Stop right there. This is not a linear DE in u and x because you don't have just x's on the right side. You won't be able to integrate the right side with respect to x because u depends on x. The integrating factor method doesn't apply. But you should be able to separate variables and get an equation in the form $f(u)du = g(x)dx$ which you can hopefully integrate.
Lastly, when you finish, you are asked for an implicit solution so you aren't expected to solve for y.

 

[echomochi]

Stop right there. This is not a linear DE in u and x because you don't have just x's on the right side. You won't be able to integrate the right side with respect to x because u depends on x. The integrating factor method doesn't apply. But you should be able to separate variables and get an equation in the form $f(u)du = g(x)dx$ which you can hopefully integrate.
Lastly, when you finish, you are asked for an implicit solution so you aren't expected to solve for y.

Okay, that makes sense.

Going back to before dividing by x:

u + x du/dx = [ 1 + u² ] / 5u
​

Subtract the u:

x du/dx = [ 1 - 4u² ] / 5u
​

Rearrange to get du and dx on each side:

[ 1/x ] dx = [ 5u / [ 1 - 4u² ] ] du
​

Then integrating:

ln( x ) + C = [ -5/8 ] ln( 1-4u² )​

Raise e to all terms to clear out the logarithms:

e^{ln( x )} + e^C = e^{[ -5/8 ] ln( 1-4u2 )}
x + e^C = 1 / [ 1-4u² ]^5/8​

My professor would want me to rewrite e^C as A, and we can rewrite this more:

1 = [ x + A ] [ 1-4u² ]^5/8​

Is resubstituting u=y/x all that is left?

 

[LCKurtz]

Okay, that makes sense.

Going back to before dividing by x:

u + x du/dx = [ 1 + u² ] / 5u
​

Subtract the u:

x du/dx = [ 1 - 4u² ] / 5u
​

Rearrange to get du and dx on each side:

[ 1/x ] dx = [ 5u / [ 1 - 4u² ] ] du
​

Then integrating:

ln( x ) + C = [ -5/8 ] ln( 1-4u² )​

Raise e to all terms to clear out the logarithms:

e^{ln( x )} + e^C = e^{[ -5/8 ] ln( 1-4u2 )}
x + e^C = 1 / [ 1-4u² ]^5/8​

Careful with your algebra there. $e^{\ln x + C}\ne e^{\ln x} + e^C$

 

[echomochi]

Careful with your algebra there. $e^{\ln x + C}\ne e^{\ln x} + e^C$

Ah, right. Thank you for your help!

 

[epenguin]

Ah, right. Thank you for your help!

The best thanks would be to give your solution. Can you imagine there is much satisfaction to helpers if they give help to guys and don't hear what the effect is?
Also they naturally usually help with only the stage you are at. So by not replying you are missing what they might have said about the solution, e.g. connection with other things.Or in this case the fact that the job is only half finished and you have only have half benefited from the exercise when you have written the solution. ( I've noticed that solutions that satisfy students are often not as good as they imagine.)

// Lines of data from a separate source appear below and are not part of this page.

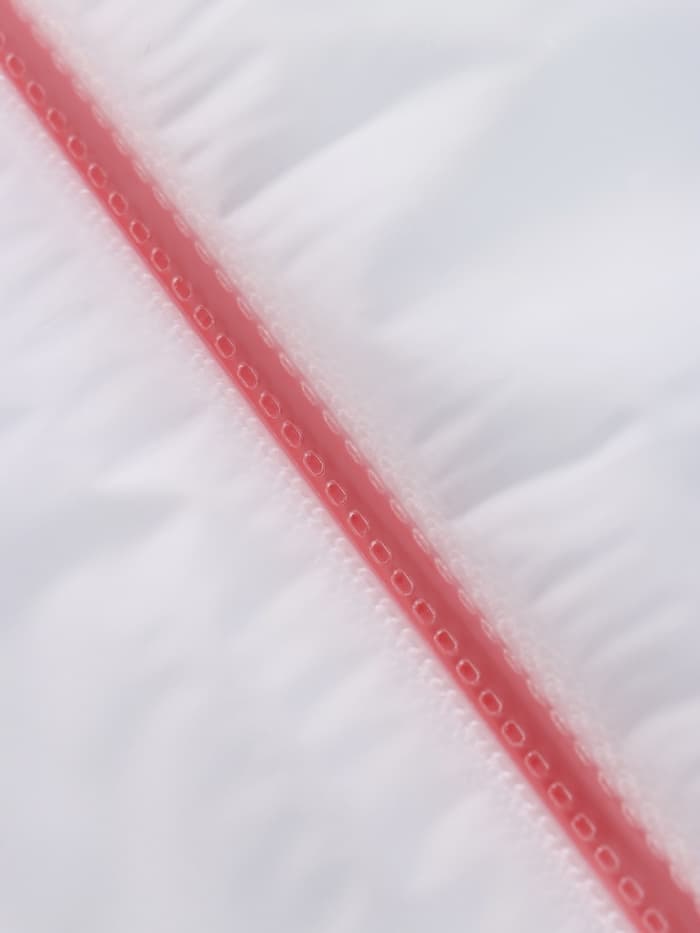 Папка с 100 вкладышами А4, 700 мкм, Calligrata, текстура «песок», красная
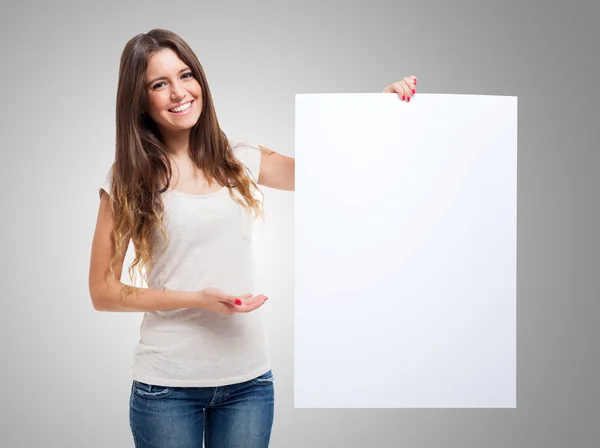 Γυναίκα που δείχνει έναν λευκό πίνακα — Φωτογραφία Αρχείου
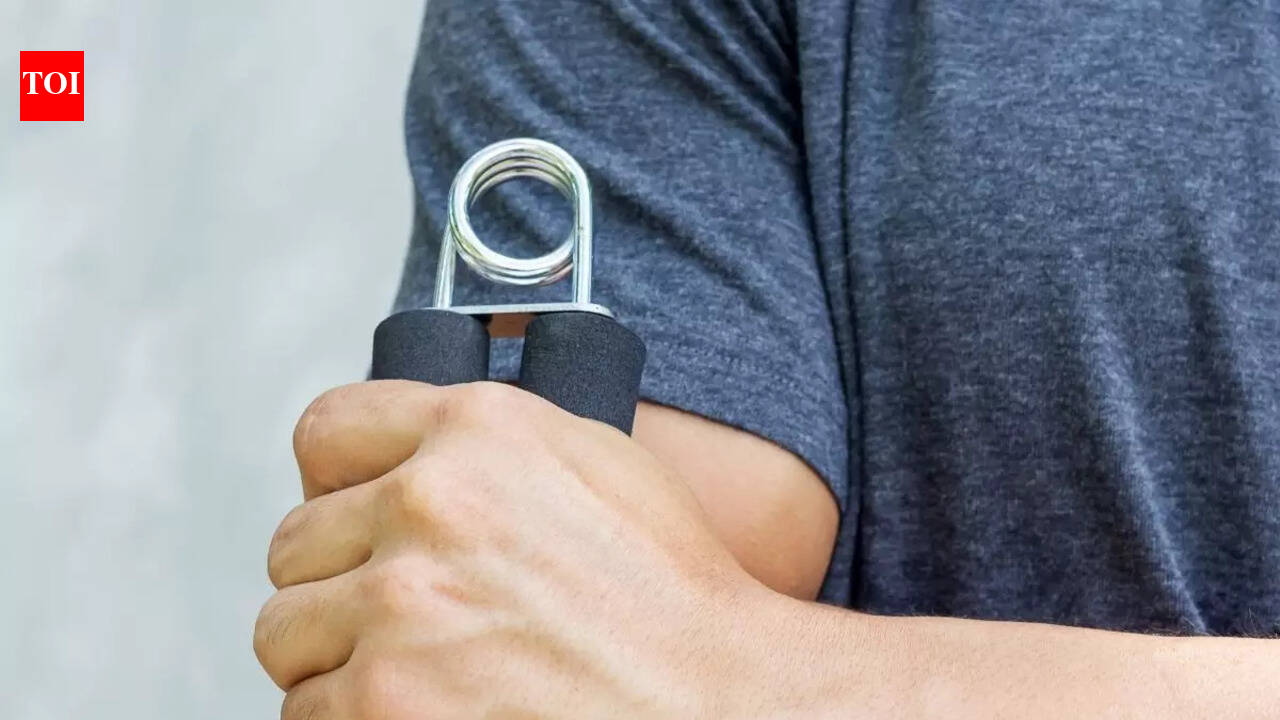 High blood pressure: This isometric exercise can help lower your blood ...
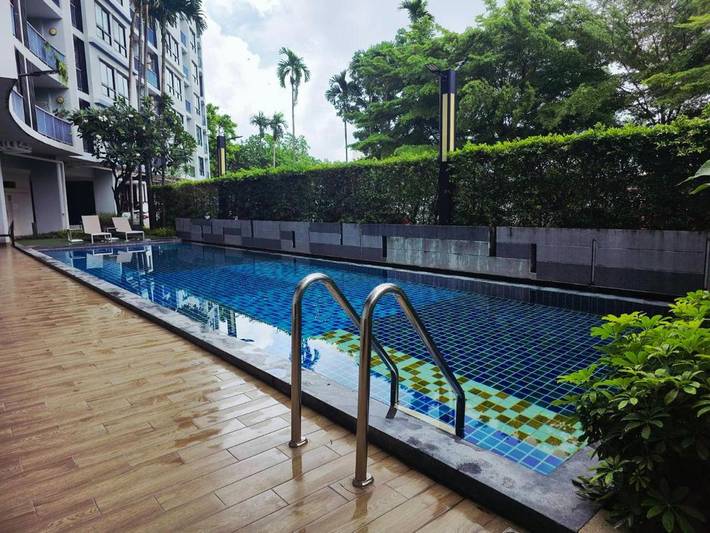 Ferienwohnung für 3 Personen, mit Pool und Balkon - 1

You should always check the solution to a differential equation by differentiating your solution and checking that that works. Especially in a case as tricky and unexpected as this one. And you should check any salient features of solutions that the d.e. is already telling you against what your solution equation says. And at least outline here what you find. Preferably a picture of solution curves. Time spent this way will benefit you more in insights than doing an extra problem of the same kind.